**Exercise materials:**
----------------------------------------
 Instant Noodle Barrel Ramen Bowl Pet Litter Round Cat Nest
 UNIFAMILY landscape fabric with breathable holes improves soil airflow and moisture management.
----------------------------------------
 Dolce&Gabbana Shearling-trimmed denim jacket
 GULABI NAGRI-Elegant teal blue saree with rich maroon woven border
----------------------------------------
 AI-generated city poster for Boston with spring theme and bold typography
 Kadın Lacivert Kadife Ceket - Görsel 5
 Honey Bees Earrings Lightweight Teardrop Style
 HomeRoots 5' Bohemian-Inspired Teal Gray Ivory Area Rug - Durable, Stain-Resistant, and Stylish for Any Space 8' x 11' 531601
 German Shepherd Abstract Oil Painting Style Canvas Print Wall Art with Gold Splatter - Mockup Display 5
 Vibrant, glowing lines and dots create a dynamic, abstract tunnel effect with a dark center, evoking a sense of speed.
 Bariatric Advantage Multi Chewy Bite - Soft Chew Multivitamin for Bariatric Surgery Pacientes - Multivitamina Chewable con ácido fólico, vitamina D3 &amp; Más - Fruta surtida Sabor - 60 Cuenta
----------------------------------------
**Goal of the exercise:** Print, without alteration, only the lines above between the one holding "HomeRoots 5' Bohemian-Inspired" and the one holding "Bariatric Advantage Multi", inclusive.

**Expected output:**
 HomeRoots 5' Bohemian-Inspired Teal Gray Ivory Area Rug - Durable, Stain-Resistant, and Stylish for Any Space 8' x 11' 531601
 German Shepherd Abstract Oil Painting Style Canvas Print Wall Art with Gold Splatter - Mockup Display 5
 Vibrant, glowing lines and dots create a dynamic, abstract tunnel effect with a dark center, evoking a sense of speed.
 Bariatric Advantage Multi Chewy Bite - Soft Chew Multivitamin for Bariatric Surgery Pacientes - Multivitamina Chewable con ácido fólico, vitamina D3 &amp; Más - Fruta surtida Sabor - 60 Cuenta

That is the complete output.